#### [Data excerpts]
=== Begin Enclosure ===
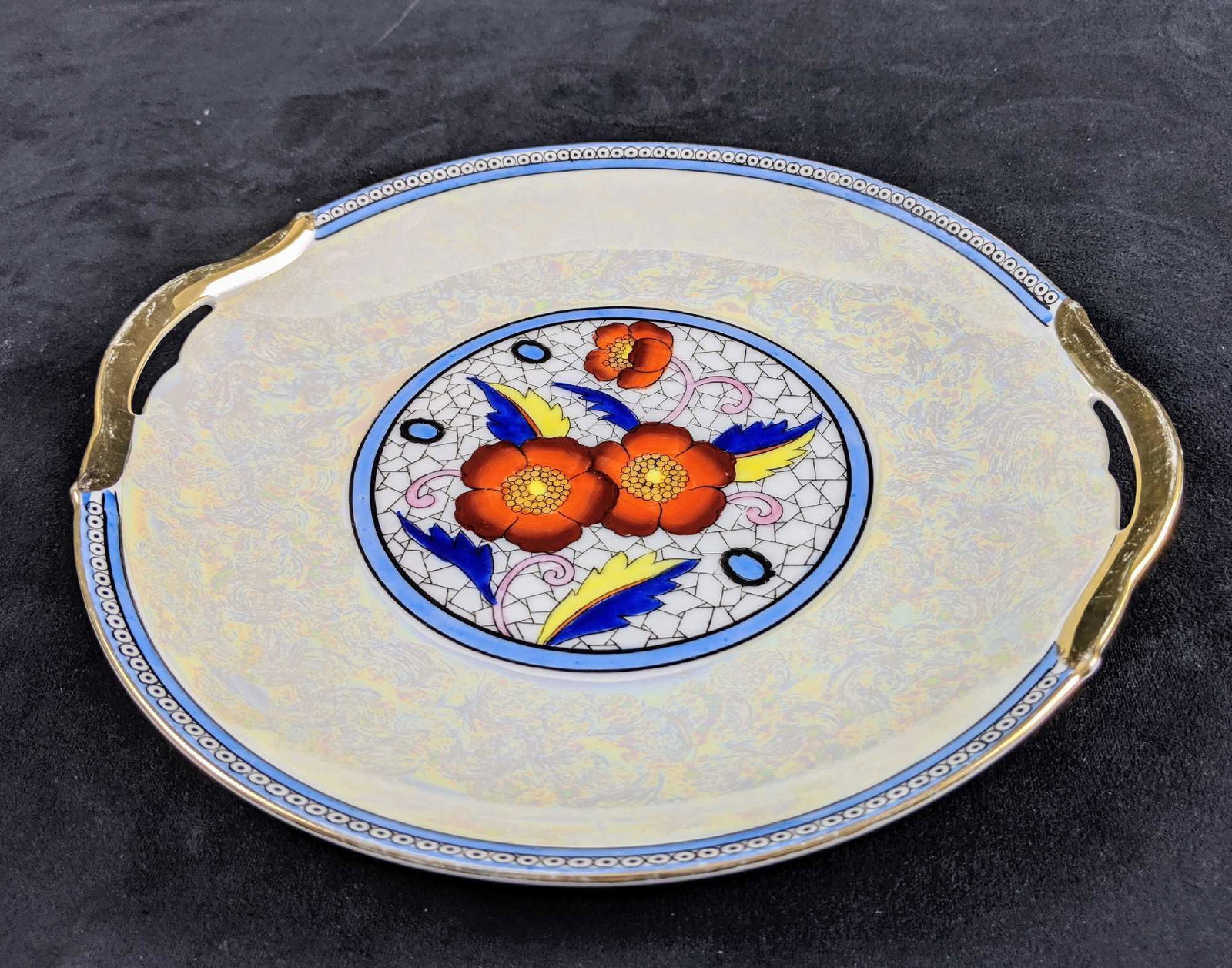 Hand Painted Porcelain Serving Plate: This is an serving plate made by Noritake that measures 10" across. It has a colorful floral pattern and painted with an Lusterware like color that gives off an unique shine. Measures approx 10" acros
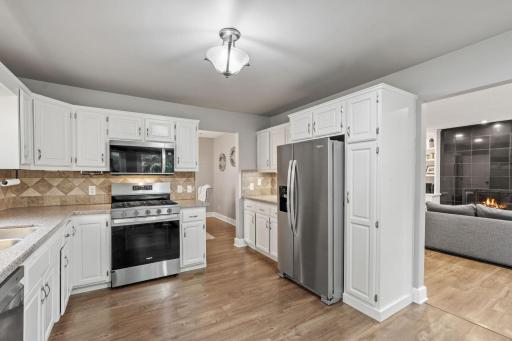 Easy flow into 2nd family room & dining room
=== End Enclosure ===
=== Begin Enclosure ===
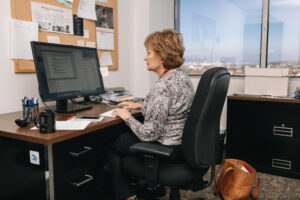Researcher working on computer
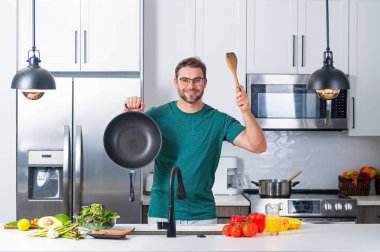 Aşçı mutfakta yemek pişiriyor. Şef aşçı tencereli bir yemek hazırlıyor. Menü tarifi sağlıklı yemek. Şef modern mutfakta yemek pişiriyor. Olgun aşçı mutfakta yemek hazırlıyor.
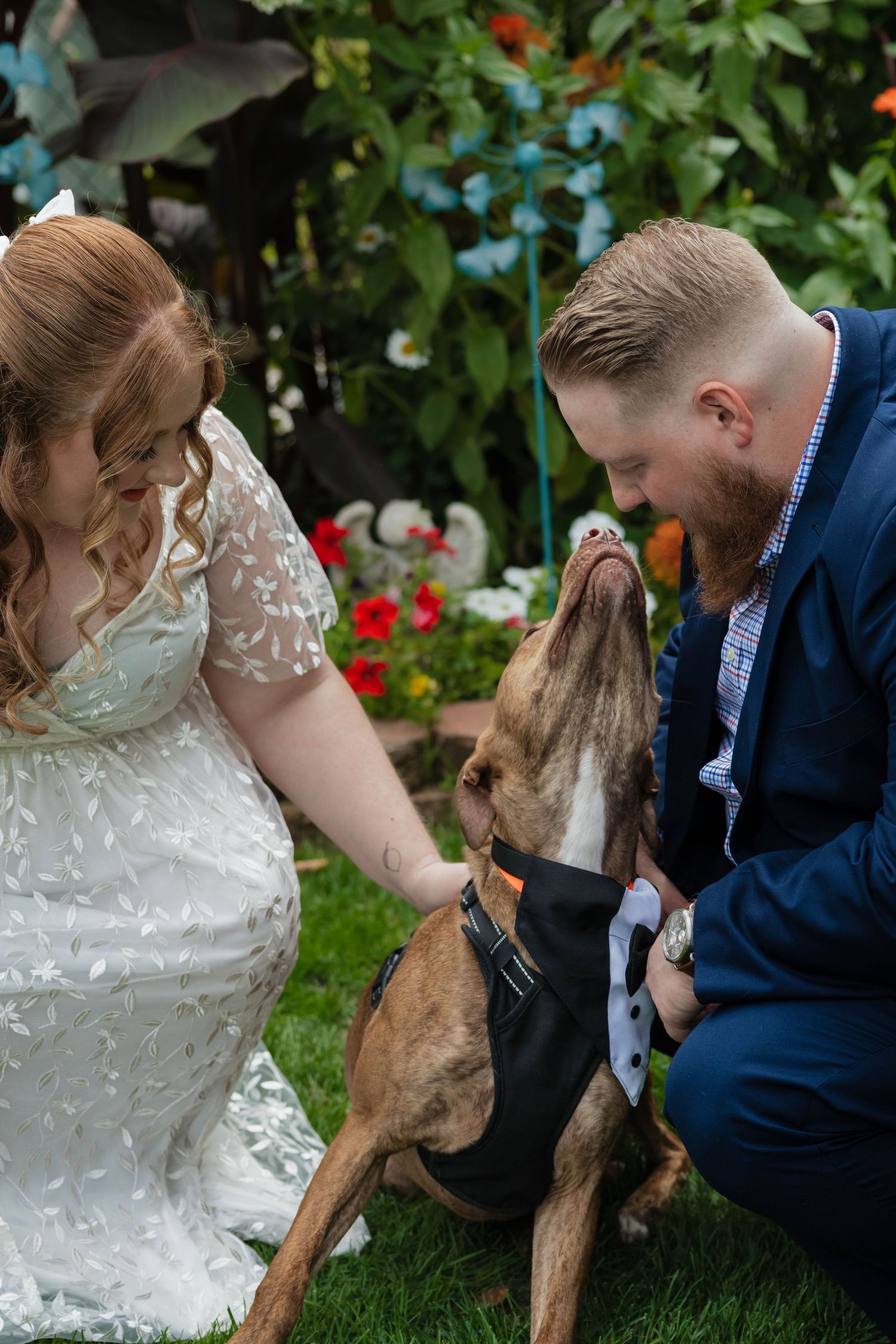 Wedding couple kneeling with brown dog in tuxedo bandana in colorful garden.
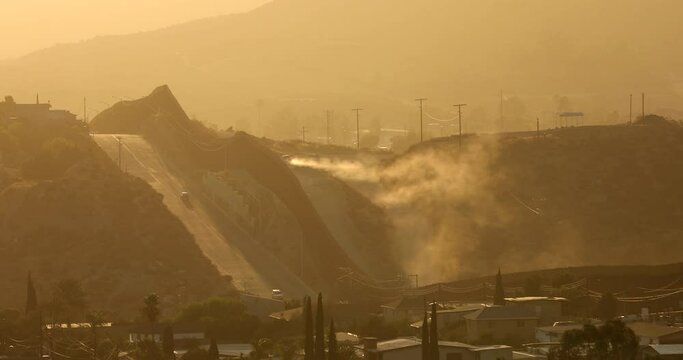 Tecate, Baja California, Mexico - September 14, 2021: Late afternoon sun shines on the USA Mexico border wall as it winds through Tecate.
=== End Enclosure ===
=== Begin Enclosure ===
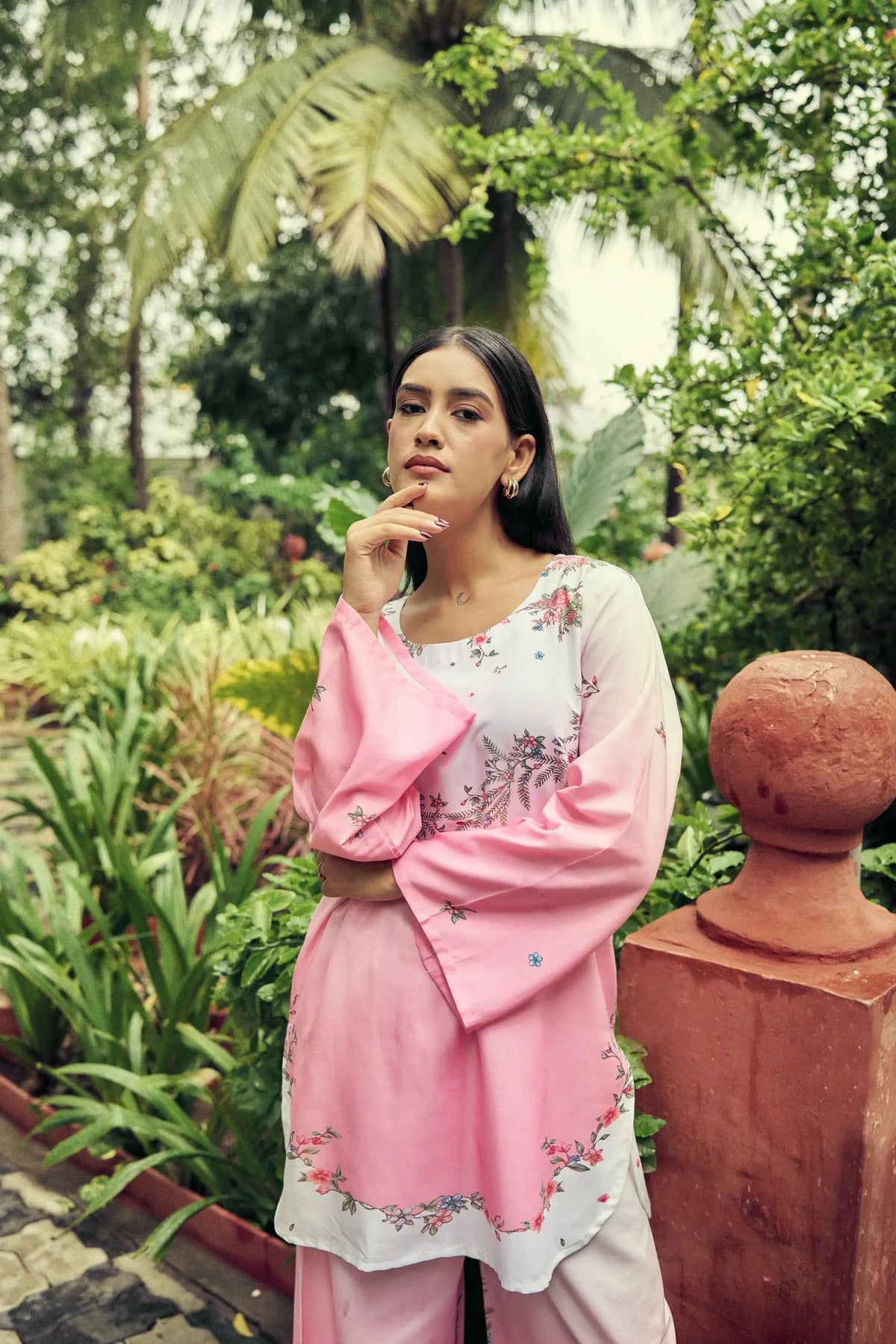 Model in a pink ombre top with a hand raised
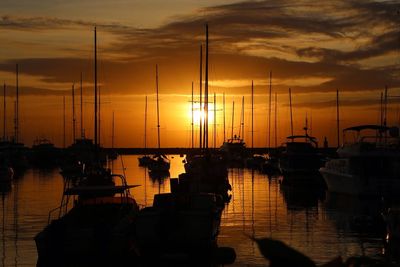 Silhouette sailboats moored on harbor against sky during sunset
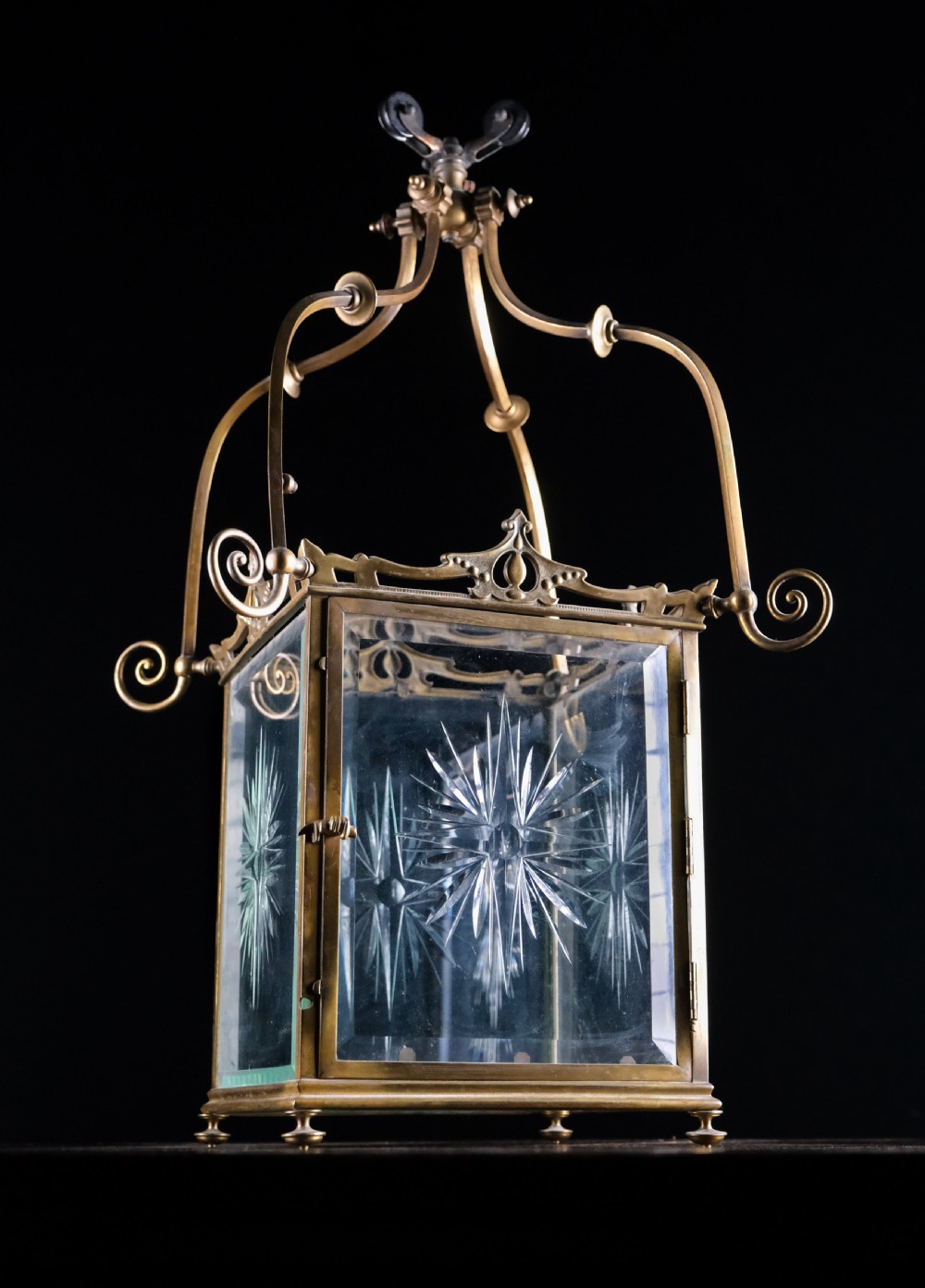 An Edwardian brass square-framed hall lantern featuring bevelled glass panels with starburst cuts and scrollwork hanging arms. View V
=== End Enclosure ===
#### [Exercise]
How would the lines above read from the one with "Researcher working on computer" to the one with "Tecate, Baja California, Mexico", inclusive, with no pictures? Write them out exactly.

#### [Exercise answer]
Researcher working on computer
 Aşçı mutfakta yemek pişiriyor. Şef aşçı tencereli bir yemek hazırlıyor. Menü tarifi sağlıklı yemek. Şef modern mutfakta yemek pişiriyor. Olgun aşçı mutfakta yemek hazırlıyor.
 Wedding couple kneeling with brown dog in tuxedo bandana in colorful garden.
 Tecate, Baja California, Mexico - September 14, 2021: Late afternoon sun shines on the USA Mexico border wall as it winds through Tecate.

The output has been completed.